Non si erano accorti che dovevano entrare tosti, che c'era il Brindisi da rimontare di 10, che c'erano Campbell James Zerini e tutti gli altri...forse pensavano alla bella giornata di sole e ai bimbetti sul parterre ad applaudire i loro papà.
Ma come nel più bello dei sogni-Dinamo, tutto alla fine è stato ROSE e fiori (qualche donna si è pure punta...peccato). Ed abbiamo visto nei successivi 27 minuti quella Dinamo che tutti vorremmo.
Il lunedì 19/5 alle h 20:30 si riparte seriamente, c'è un sacco di tempo a disposizione per svegliarci dal torpore primaverile e tirare fuori gli ormoni cazzuti che risultano necessari; Omar Thomas ha detto che ama i P.O., molto bene, anche noi! E Travis insieme a Green, il nano-cristiano, finalmente insieme girano a meraviglia. Se Caleb riuscisse pure a difendere, se Gordon oltre ad abbattere avversari e tentare stoppate (im)possibili entrasse totalmente in forma, se Drake fosse più tutelato dai fischietti, se Jack tirasse dritto, se...se ...se...si potrebbe veramente giocare alla grande questa serie.

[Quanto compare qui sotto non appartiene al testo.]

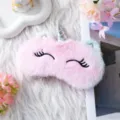 Antifaz para dormir de unicornio de felpa con pestañas bordadas, suave y cómodo. - Pestañas Curvas Rosa Brillante
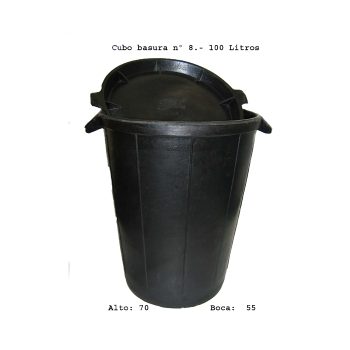 Cubo Basura Goma S/Tapa De 100 L Unidad. Fielkan
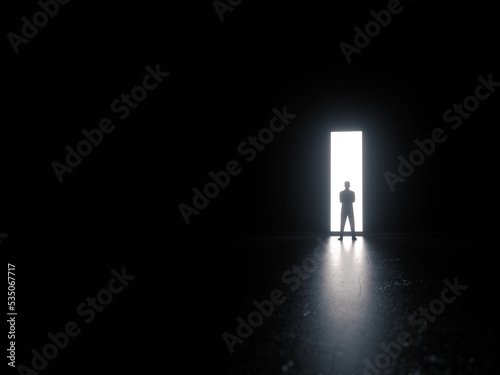 i letter door rectangle businessman man silhouette in front of light character on black background 3d render illustration isolated © stocker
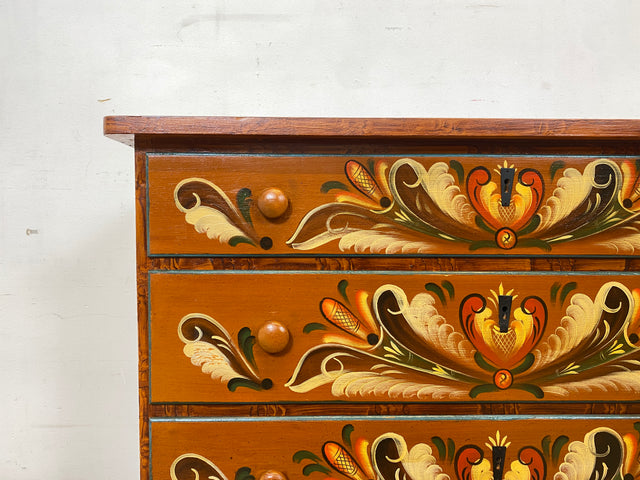 Wunderschöne handbemalte skandinavische 50er Jahre Kommode aus vollem Holz mit Schubladen I Schubladenkommode Wäschekommode Schrank Sideboard Wickelkommode Vintage I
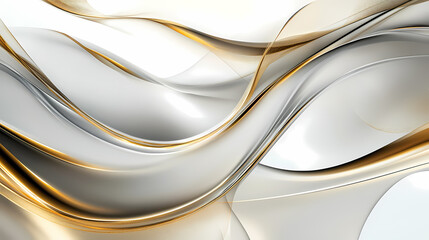 Obraz premium Abstract Flowing Liquid Gold and Silver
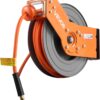 VEVOR Retractable Air Hose Reel, 3/8 Inch x 50 FT Hybrid Air Hose Max 300PSI, Auto Rewind Air-Compressor Hoses Reel with 5 ft Lead in, 180° Swivel Ceiling/Wall Mount for Garage Workshops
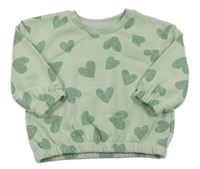 Mintová crop mikina se srdíčky Primark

Dite che siamo dalla parte sbagliata della griglia? Rivoltatela e vedrete indigesti salsiccioni, targati "Siena", "Cantù" e "Reggio" (gli stessi degli anni scorsi), e non mi piacerebbe stare da quella parte lì, mi piace molto starmene di qui. Un Brindisi a misura d'uomo e "terrestre" mi pare l'avversaria più adatta a noi.
Forza Dinamo, davvero, ora e sempre.